Earlier today, Judge Pearson of the Northern District of Ohio stayed four co-pending district court cases involving patents subject to a number of ongoing Covered Business Methods (CBM) Post-Grant Reviews. See Progressive Casualty Insurance Co. v. Safeco Insurance Co., No. 1:10-cv-01370, Order resolving ECF No. 98, at 22 (N.D. Ohio Apr. 17, 2013). To date, no district court has ultimately denied a motion to stay pending CBM review.

Section 18(b)(1) of the AIA specifies four factors for determining whether to stay a case pending post-grant review of CBM patents:

  1. whether a stay, or the denial thereof, will simplify the issues in question and streamline the trial;
  2. whether discovery is complete and whether a trial date has been set;
  3. whether a stay, or the denial thereof, would unduly prejudice the nonmoving party or present a clear tactical advantage for the moving party; and
  4. whether a stay, or the denial thereof, will reduce the burden of litigation on the parties and on the court.

Judge Pearson concluded that "[t]he analysis of the four-factor test . . . counsels in favor of granting each defendant's motion to stay" and closed each of the cases pending notification of the completion of the CBM review.

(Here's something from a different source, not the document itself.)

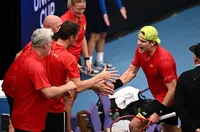 Звездата на Белгия пропуска мача с България за Купа “Дейвис”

Judge Pearson considered the legislative history of the factors identified in the AIA and concluded that "the test established by the AIA is designed to increase the likelihood that a stay will be granted when transitional CBM review, in comparison with an ordinary USPTO reexamination, has been instituted." Examining the four factors, the court concluded that factor three (undue prejudice) "moderately points in favor of denying the motions to stay, [but] it is insufficient to defeat the remaining factors which strongly counsel in favor [of] staying the cases." The court noted that "[b]ased on the preliminary determinations made by the PTAB, it appears that each claim in contention . . . across the five patents-in-suit, is 'more likely than not' to be invalidated." With respect to the fourth factor, the court found that granting a "stay would relieve Liberty Mutual and Progressive of the burden of litigating in multiple fora" and that the "Court would be relieved of having to expend substantial judicial resources in deciding claim construction, noninfringement, and invalidity issues before those claims are invalidated, narrowed, or refined through CBM review."